La direzione del Teatro, nella persona di Chiara Natella, ha inteso consegnarle il riconoscimento con la seguente motivazione: “Il Premio Peppe Natella 2024 va a Beatrice Fazi: attrice di teatro, televisione e cinema di indubbio talento e straordinaria versatilità. Una professionista, ma anche una persona che dà testimonianza, con la sua vita personale dei valori che il palcoscenico sottende, lontano dalla volgarità e dal cinismo imperante.

Inoltre, pur vivendo ormai a Roma, ha sempre conservato il legame con le radici e il territorio”. Il Premio “La longobarda” – opera ceramica dell’artista Nello Ferrigno, che raffigura un’amazzone longobarda – in passato è andato a personalità del calibro di Michele Placido, Massimo Venturiello, Peppe Barra e Anna Mazzamauro, solo per citare alcuni nomi. A consegnarlo, nel corso della serata presentata da Paolo Romano e Gilda Ricci, è stato Franco Picarone, consigliere della Regione Campania.

Subito dopo la cerimonia, Beatrice Fazi è andata in scena con “Cinque donne del Sud”, scritto e diretto da Francesca Zanni e prodotto da Trebisonda produzioni.  Un viaggio nel tempo attraverso cinque donne di una famiglia italiana del Mezzogiorno, uno spettacolo che è stato accolto calorosamente e con oltre cinque minuti di applausi dal pubblico numeroso dei Barbuti.

Cinque madri, cinque figlie, cinque personaggi per un’unica attrice che dà voce e corpo a cinque caratteri diversi, dal 1887 fino ai giorni nostri. Queste cinque donne ci portano per mano attraverso guerre mondiali e grandi rivoluzioni sociali, mentre affrontano delusioni e coltivano speranze, passando dalla vita contadina a quella iper-connessa, avanzando verso un futuro che cambia e che le cambia.

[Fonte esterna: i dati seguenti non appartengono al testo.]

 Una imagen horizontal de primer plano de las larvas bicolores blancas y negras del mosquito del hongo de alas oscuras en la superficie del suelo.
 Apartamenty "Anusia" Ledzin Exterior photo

Ci raccontano non solo la storia di cinque generazioni di una famiglia, ma rappresentano anche simbolicamente la movimentata storia dell’Italia dall’unificazione politica alla fine del XIX secolo e, soprattutto, incarnano la storia di emancipazione delle donne.

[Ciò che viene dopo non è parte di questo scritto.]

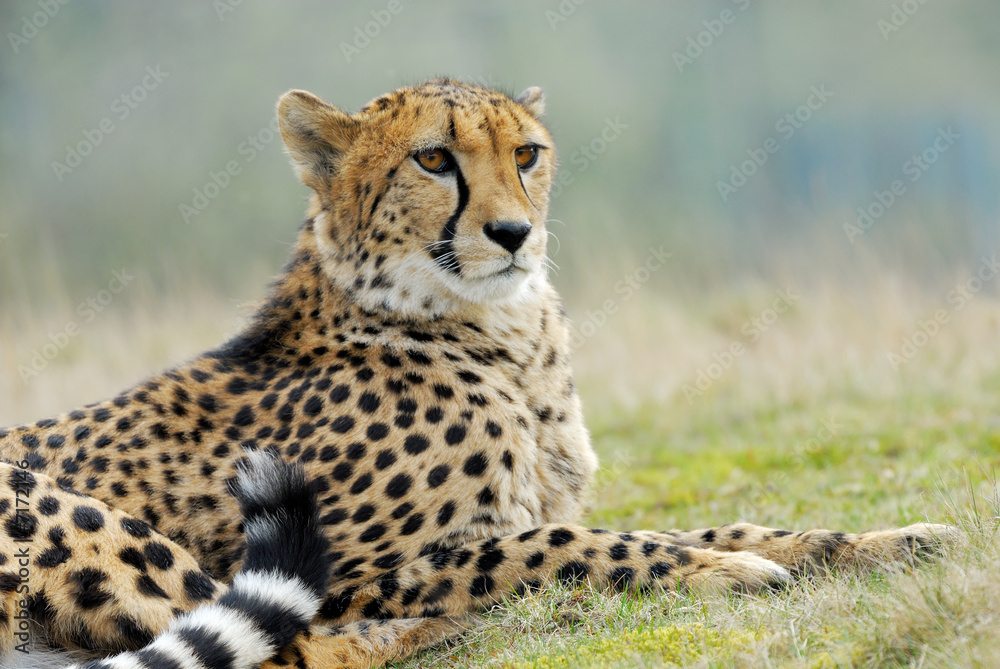 beautiful cheetah beautiful cheetah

L’evoluzione di questa famiglia matriarcale attraversa generazioni e continenti, dal profondo Sud Italia che usciva appena dal brigantaggio all’America di Woodstock e della controcultura, dai primi movimenti femministi al vuoto di valori degli anni Novanta del Novecento, fino al ritorno in una madrepatria profondamente cambiata.

Con un tono sempre in bilico tra leggerezza e commozione e uno sguardo ironico su chi siamo stati e chi diventeremo, queste donne ci raccontano come è cambiata la nostra società negli ultimi cento anni: la coppia, il matrimonio, i rapporti tra genitori e figli, le contraddizioni, i successi e i fallimenti. Ognuna di loro, attraverso il racconto della sua storia personale, ci fa conoscere anche un pezzo di storia del nostro Paese. I loro destini sono plasmati dalle fasi storiche decisive della storia italiana moderna. Le loro conquiste le abbiamo vissute, le loro paure sono le nostre, la loro forza ci appartiene.

Le cinque donne abitano una scena fatta di proiezioni, in cui le foto e i video rendono tangibile lo scorrere del tempo, ricordando atmosfere, volti e avvenimenti che fanno parte della memoria storica di tutti noi. Ogni donna ne partorisce un’altra, pescando da un grande baule – unico elemento scenico -abiti e oggetti che ricreano di volta in volta l’epoca in cui le donne vivono.

Nel passaggio generazionale la lingua parlata si evolve, si modifica, si contamina, proponendo uno spaccato della storia linguistica italiana vista dal basso, attraverso l’uso di diversi dialetti, incarnazione del conflitto tra Nord e Sud e tra madre e figlia. Anche la colonna sonora attraversa tutto il secolo, dalla musica popolare di fine Ottocento fino al rap.

Nel finale, il dialogo tra di loro fa emergere i frutti della lunga lotta per il riconoscimento e l’autodeterminazione della donna. Queste cinque donne non si capiscono, ma in fondo si assomigliano. E scopriranno che, per ritrovare la propria identità, il luogo da cui si fugge diventa quello in cui è necessario tornare. Perché le nostre radici sono importanti, anche quando vogliamo dimenticarle.